To create a correlation network, we will use the BFI personality data from the {psych} package. First we will import all the necessary packages and set the font for our plot. We can import these from our system using extrafont. In the next step we will do a quick clean up of our data to include only the columns we want to visualise.

library(tidyverse)
library(ggraph)
library(igraph)
library(corrr)
library(extrafont) # font_import() to import your system fonts

font = "Inclusive Sans"

df <- psych::bfi %>%
  tibble() %>%
  select(-c(age, education, gender))

The correlate() function from the {corrr} package allows us to define a specific correlation. However, we will use the Pearson correlation as the default setting. Next, we will switch to a long format using stretch() and only keep correlations higher than .2 or lower than -.2. This is something to play around with.
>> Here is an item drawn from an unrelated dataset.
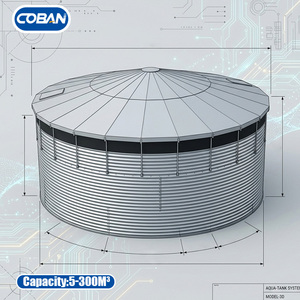 Réservoir de collecte d'eau de pluie pour l'agriculture, réservoir de stockage d'eau d'irrigation, silo personnalisé de 300 à 300 000 gallons pour les exploitations agricoles - Product Image 1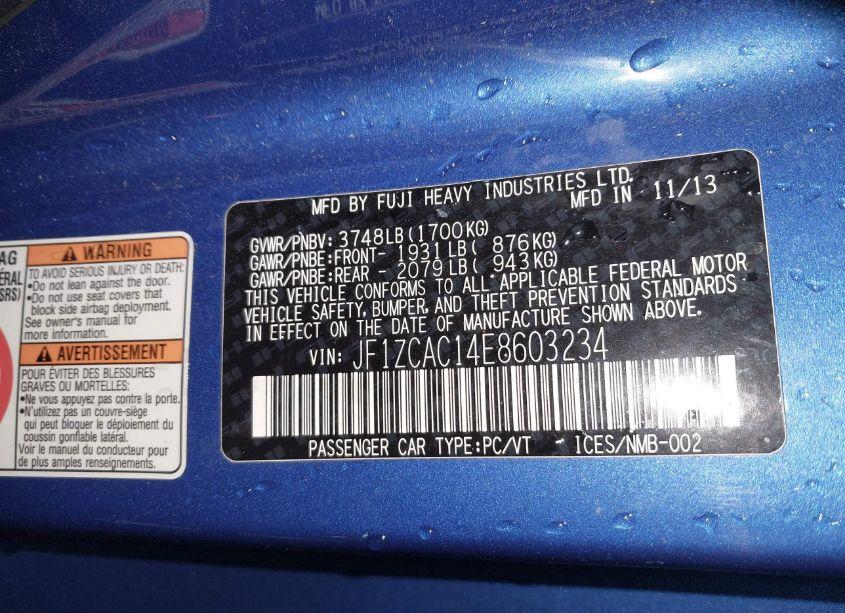 Photo 9 of 2014 Subaru Brz LIMITED (VIN JF1ZCAC14E8603234)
Depending on how many variables you have in your data, your plot could get really messy if you include all the possible relationships between your variables.

graph_data <- df %>% 
    corrr::correlate() %>% 
   corrr::stretch() %>% 
    filter(abs(r) > .2)

The last step is to build our visualisation. The font variable is the one we set above. In comparison to out of the box tools, this approach with {ggraph} and {igraph} allows us to adjust all the settings you are interested in, such as the size or colour of the nodes. We might also choose a different color scaling, for example if we only include postive correllations. In this specific example, I changed the background color to transparent.

graph_data %>%
    graph_from_data_frame(directed = FALSE) %>%
   ggraph(layout = "kk") +
    geom_edge_link(aes(color = r, alpha = r), edge_width = 1) +
    guides(edge_alpha = "none") +
    scale_edge_colour_gradientn(limits = c(-1, 1), colors = c("firebrick2", "white", "dodgerblue2")) +
    geom_node_point(color = "black", size = 2) +
    geom_node_text(aes(label = name), family = font, repel = TRUE) +
    theme_graph(base_family = font, title_size = 10) +
    theme(
      plot.background = element_rect(fill = "transparent", colour = NA),
        text = element_text(family = font),
        legend.title = element_text(family = font),
        legend.text = element_text(family = font)
    )